Summers in South Florida can be a double-edged sword at times – you get the prime of the heat that has you racing to the beach for a good time, but also builds the dread of the start of hurricane season. Hurricane season isn’t exactly short either. As a matter of fact:
- The Atlantic hurricane season runs from June 1st to November 30th
- The Pacific hurricane season runs May 15th to November 30th
- Peak time for hurricanes is September
- Can pass through any U.S. coast or territory within the Atlantic or Pacific oceans
- Secure your property and make it disaster proof by boarding up windows and any glass entries. For the best protection, permanent storm shutters are the more ideal option, but 5/8’’ marine plywood that is cut to fit is a good alternative. Try to avoid using tape since it does not prevent window glass from breaking.
- Minimize the risk of roof damage with installation straps or clips to properly fasten your roof to the frame structure.
- To minimize external damage to your property and debris cleanup, trim trees and shrubs around the area.
- Clear loose and clogged rain gutters and downspouts to prevent misdirected flooding.
- Put any valuables on high shelves or on a higher floor of your house, this includes household chemicals, since chemicals that mix into floodwaters can be very dangerous.
- Consider building a safe room or picking a room in your property that is on the lowest level and away from any doors or windows.
- Pack a travel bag with the essentials: 2-3 clothes, toiletries, rain gear, watertight-sealed documents for insurance purposes (driver’s licenses, SS cards, passports, pet ID tags) and other legal papers.

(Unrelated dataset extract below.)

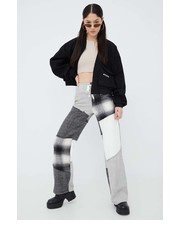 Spodnie spodnie damskie kolor szary szerokie high waist - Answear.com Sixth June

- Put a disaster kit together in case of emergencies, which consists of a well-stocked inventory of prescription medicines, four days’ worth of food and water (for pets as well), a fire extinguisher, flashlight, batteries, blankets, GPS, paper maps.

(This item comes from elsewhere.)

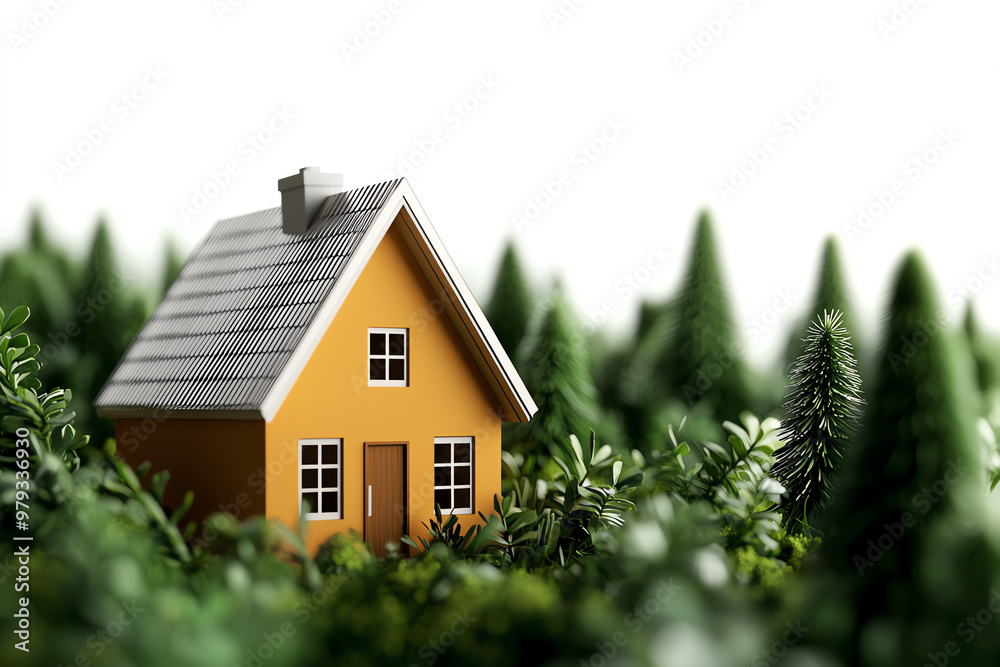 A charming yellow house nestled among lush green trees, symbolizing tranquility and lifestyle in nature. A charming yellow house nestled among lush green trees, symbolizing tranquility and lifestyle in nature.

- If evacuation becomes necessary, know all local emergency shelters and your evacuation route.
- Fully fuel your car with gas and get cash (ATMs may be closed following a hurricane).

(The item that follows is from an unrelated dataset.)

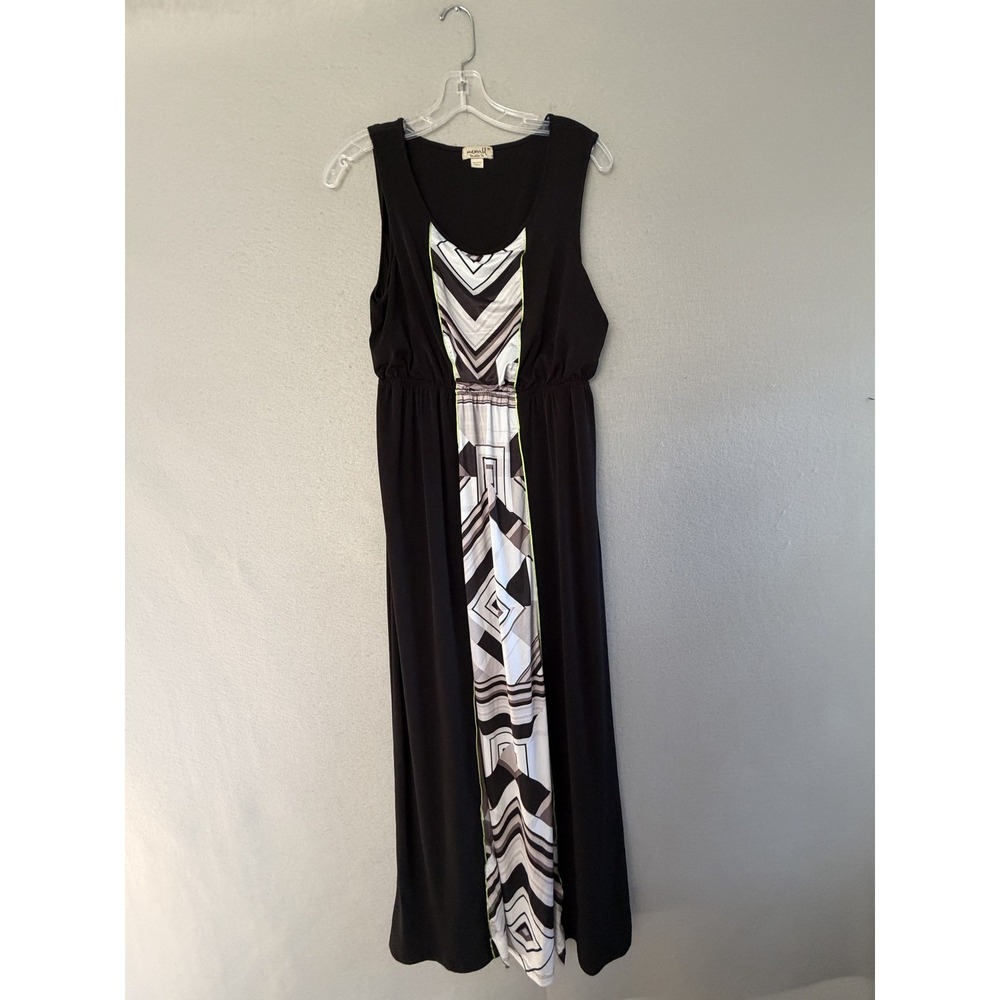 One World Dress Womens M Black Geometric Scoop Neck Sleeveless Maxi Jersey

- Download the Red Cross Emergency App for iPhone or Android.
- Stay alert to storm updates: monitor with a local radio, NOAA radio, TV, or internet.
During a Hurricane
- Continue monitoring the storm via local radio, NOAA radio, TV, and internet. Be on the lookout for evacuation alerts.
- Secure your home and close storm shutters
- Gather all outdoor furniture or belongings indoors or tied to a secure spot.
- If instructed, unplug appliances and turn off utilities, this includes electricity and the main water valve. Otherwise, turn the refrigerator and freezer thermostat to its coldest setting and keep its doors closed.
- Move freezable items from the fridge to the freezer.
- Turn off propane tanks.
- Have your cell phone on a charger so it’s ready to go. Then avoid using the phone except for serious emergencies.
- Ensure a supply of water for sanitary purposes such as cleaning and flushing toilets. Fill the bathtub and other large containers with water.
- Stay inside, away from windows and glass doors, and make sure all doors are closed, including blinds.
- Take refuge in a small interior room, closet, or hallway on the lowest level – or lie on the floor under a table or sturdy object.
After a Hurricane
- Have emergency contacts – whether friends or family – and notify them of your safety.
- To prevent harm from electrical hazards or other dangers, do not return home if you’ve been evacuated unless authorized to do so.
- Do NOT drink tap water unless cleared by local authorities.
- Check the temperature in your fridge or freezer. Anything that has remained at 40 degrees Fahrenheit or colder is safe to eat. Otherwise, throw it out to be safe.
- If any food has been in contact with flood water, throw it away to avoid ingesting any waterborne diseases, chemicals, etc.
- In your home, immediately remove or air out water-damaged items to help minimize the chance of mold growing in your home.
- Document any damage with photos and contact your insurance company for assistance.